Suspend the current task and reschedule the CPU to the next task.


Althoght most of the scheduler methods are static, for both portability and aestetic reasons, the recommended way to call them in application code is by prefixing with os.sched. like os.sched.yield();. However, in system code it is recommended to avoid references to application objects like os. so calls are to be written like OSScheduler::yield().

Using application critical sections

// ...
    // ...
    // ...
// ...

Application critical sections are required for syncronization events triggered by other application tasks.
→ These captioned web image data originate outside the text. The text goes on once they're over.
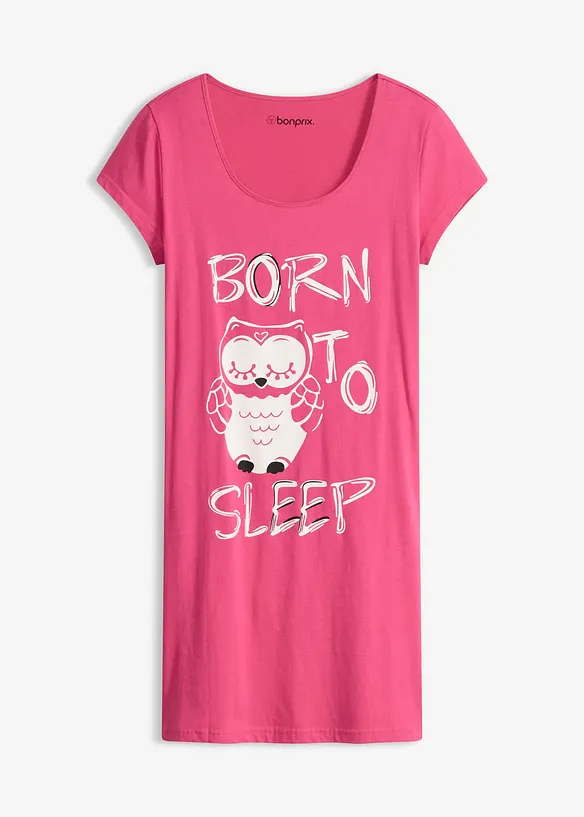 Kort nattkjole i 100% bomull, bonprix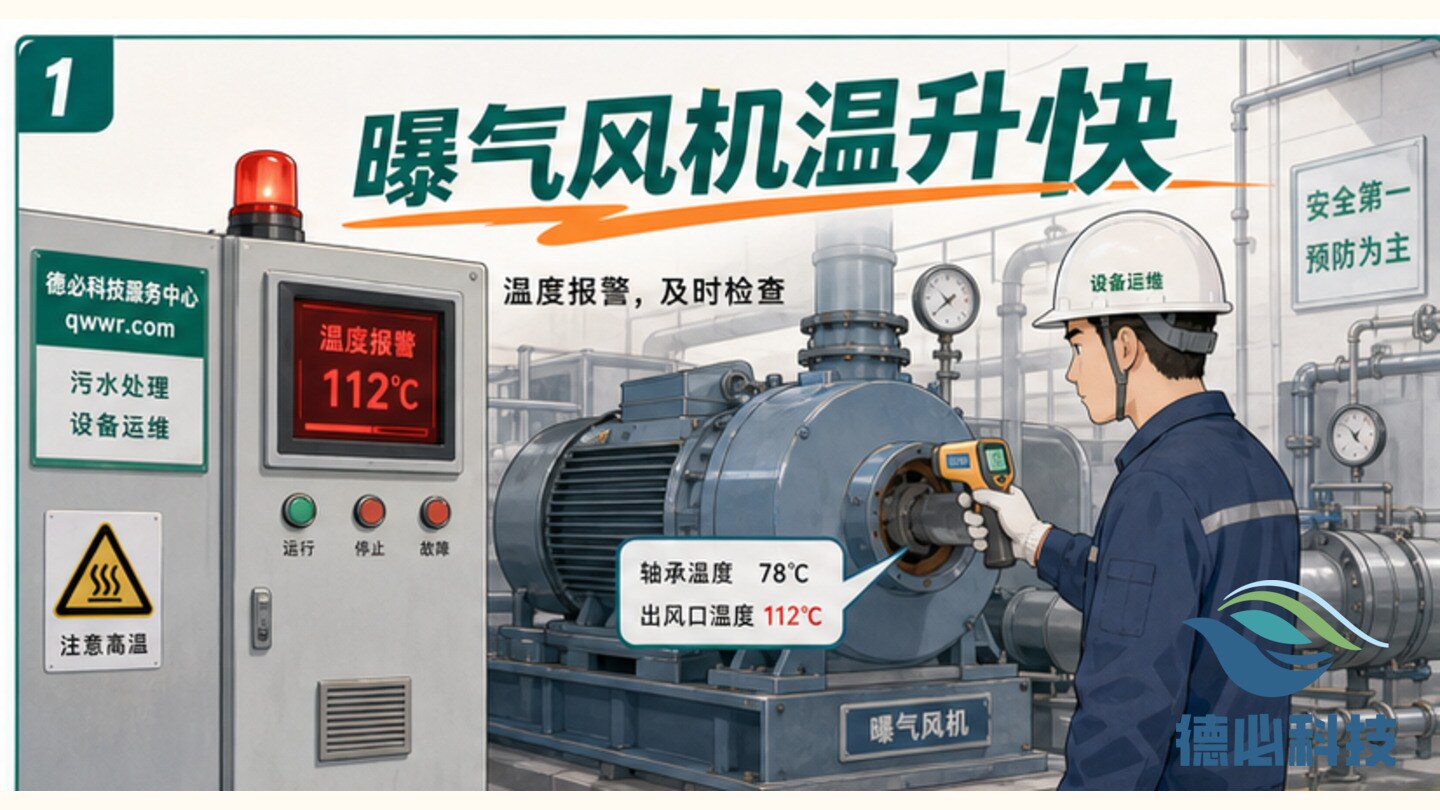 曝气风机温升快,先清滤网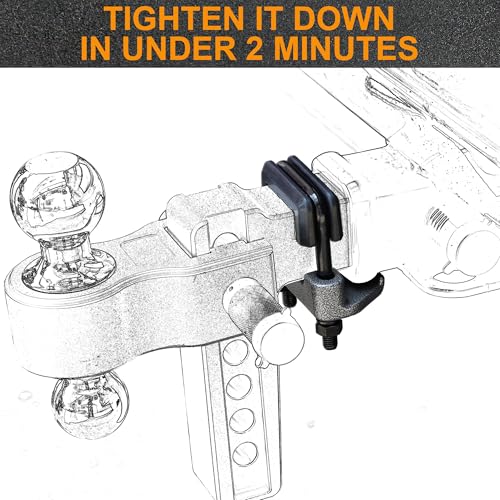 Anti Rattle clamp Hitch Tightener, Stabilizer for 2" Trailer Hitches - color: 2"-B, size: 2"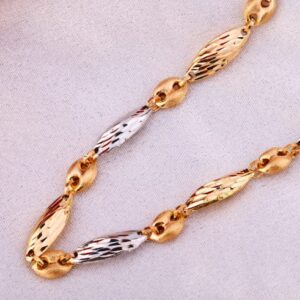 750 Rose Gold Hallmark Delicate Men's Chain RMC107
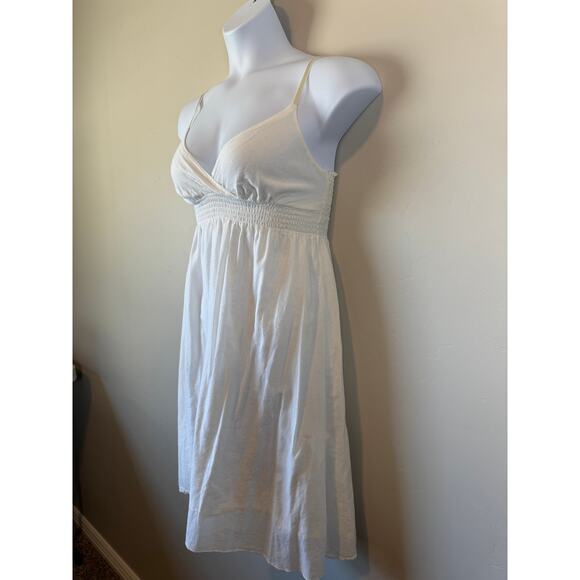 VTG 00s Derek Heart Womens White Babydoll Dress Sz M Y2K Boho Festival Retro - Picture 4 of 10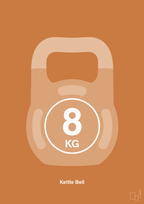 plakat: kettle bell 8 kg - rumba orange-Fitness-A1two3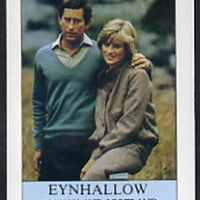 Eynhallow 1982 Princess Di's 21st Birthday imperf deluxe sheet (£2 value) unmounted mint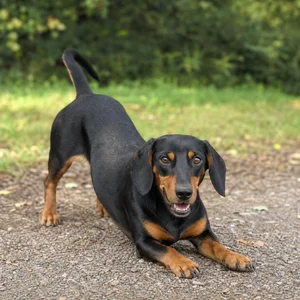 Alpine Dachsbracke — playful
The braced code is guaranteed to be executed atomically within the current task, without sharing the CPU with other tasks. However interrupts remain active and interrupts services routines are normally executed; for synchronization events triggered by interrupts please use system critical sections.

Using system critical sections

// ...
    // ...
    // ...
// ...

System critical sections are required for syncronization events triggered by interrupt service routines. The braced code is guaranteed to be executed atomically with interrupts disabled. Should be used with caution, since long critical sections may degrade system performance.

Enumerating registered tasks

// ...
    int i;
    for (i = 0; i < os.sched.getTasksCount(); ++i)
        OSTask *pTask;
        pTask = os.sched.getTask(i);

        if (os.isDebug())
          clog << (*pTask);    // dump task data on debug device

        // ...
// ...

Enumerate all registered tasks, including the idle task.